Design/methodology/approach
Multi-stage sampling procedure was used to select tenants for the study. Residential areas were stratified into three densities: high, medium and low. Out of the 18 residential areas identified, six, eight and four were in the high, medium and low densities, respectively. Five residential areas were selected based on high concentrations of rental housing. The selected areas are Mokuro and Iloro (high density), Ife City and Eleyele (medium density) and Aladanla (low density). Systematic sampling technique was used to select 550 buildings where an adult tenant was selected per building for questionnaire administration.
Findings
The results of the principal component analysis established that four factors were generated for the high-density, nine factors for the medium-density and five factors for low-density areas as the major factors influencing rental housing quality.
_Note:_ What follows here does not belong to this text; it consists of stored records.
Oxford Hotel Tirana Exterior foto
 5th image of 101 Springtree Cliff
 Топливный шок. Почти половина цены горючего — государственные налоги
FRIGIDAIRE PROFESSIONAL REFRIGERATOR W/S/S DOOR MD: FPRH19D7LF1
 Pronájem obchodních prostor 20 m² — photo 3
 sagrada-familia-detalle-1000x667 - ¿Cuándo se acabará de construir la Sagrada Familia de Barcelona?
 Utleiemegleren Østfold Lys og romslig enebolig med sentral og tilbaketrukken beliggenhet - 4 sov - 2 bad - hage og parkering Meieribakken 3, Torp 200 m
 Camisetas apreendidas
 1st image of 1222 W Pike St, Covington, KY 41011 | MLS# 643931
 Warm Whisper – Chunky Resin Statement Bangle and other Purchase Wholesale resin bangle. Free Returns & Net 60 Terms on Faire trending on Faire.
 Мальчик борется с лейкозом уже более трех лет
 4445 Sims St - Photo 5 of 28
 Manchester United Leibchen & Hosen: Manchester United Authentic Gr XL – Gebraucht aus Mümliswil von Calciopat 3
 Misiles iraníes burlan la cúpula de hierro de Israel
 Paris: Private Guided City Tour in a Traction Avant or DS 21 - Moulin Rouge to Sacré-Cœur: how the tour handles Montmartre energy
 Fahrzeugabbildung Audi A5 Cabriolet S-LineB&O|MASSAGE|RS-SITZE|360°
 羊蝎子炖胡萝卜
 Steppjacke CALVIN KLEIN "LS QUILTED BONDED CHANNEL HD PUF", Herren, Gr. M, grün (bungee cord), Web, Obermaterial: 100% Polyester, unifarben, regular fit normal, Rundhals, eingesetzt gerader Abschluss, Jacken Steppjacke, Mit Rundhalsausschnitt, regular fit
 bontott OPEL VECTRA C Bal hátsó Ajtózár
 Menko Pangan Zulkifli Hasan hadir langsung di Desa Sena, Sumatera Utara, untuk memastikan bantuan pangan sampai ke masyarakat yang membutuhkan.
The variation in the number of factors generated and the percentage variance explained by the factors could be associated to the peculiarities across the densities in terms of the socioeconomic characteristics and housing characteristics of the renters.
Originality/value
This study examined the factors influencing housing quality for renters in Ile-Ife, Nigeria. It provides information on the three residential densities in terms of the variation in their housing morphology. The study went further to establish the relationship among the three musketeers such as socioeconomic characteristic of renters, housing characteristics and housing quality, under three dimensions environmental, internal building and external Building. Therefore, the contribution of this study strengthens the position that a minimum standard and schedule of upgrade and maintenance should be meted out for landlords to carry out repairs at interval, so as to make the housing unit and environment habitable for tenants.